* TRY IT
For this exercise, restate every line below word for word and drop the images.

* DATASET EXTRACT
'''

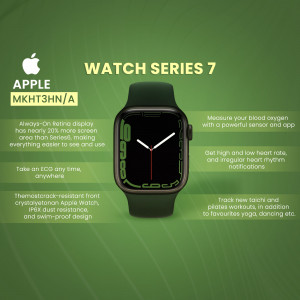 Close-up of the Apple Watch Series 7 in a dark green color, showcasing its display and features.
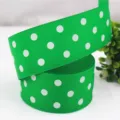 Nastro Grosgrain Pois Verde 38mm per Fiocchi Capelli Confezione Regalo Festa DIY - 5 Yard/Rotolo / Verde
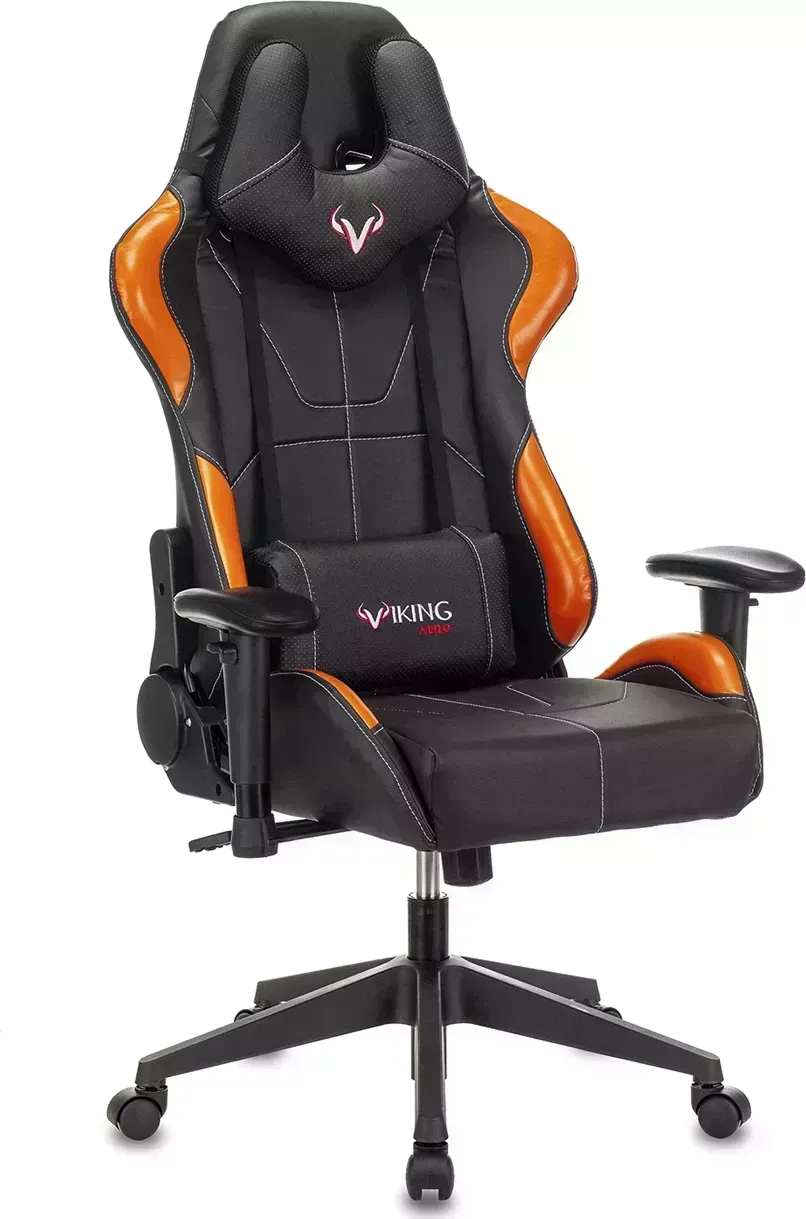 Кресло Бюрократ игровое Zombie Viking 5 Aero черное / оранжевое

'''

* RESPONSE TO THIS EXERCISE
 Close-up of the Apple Watch Series 7 in a dark green color, showcasing its display and features.
 Nastro Grosgrain Pois Verde 38mm per Fiocchi Capelli Confezione Regalo Festa DIY - 5 Yard/Rotolo / Verde
 Кресло Бюрократ игровое Zombie Viking 5 Aero черное / оранжевое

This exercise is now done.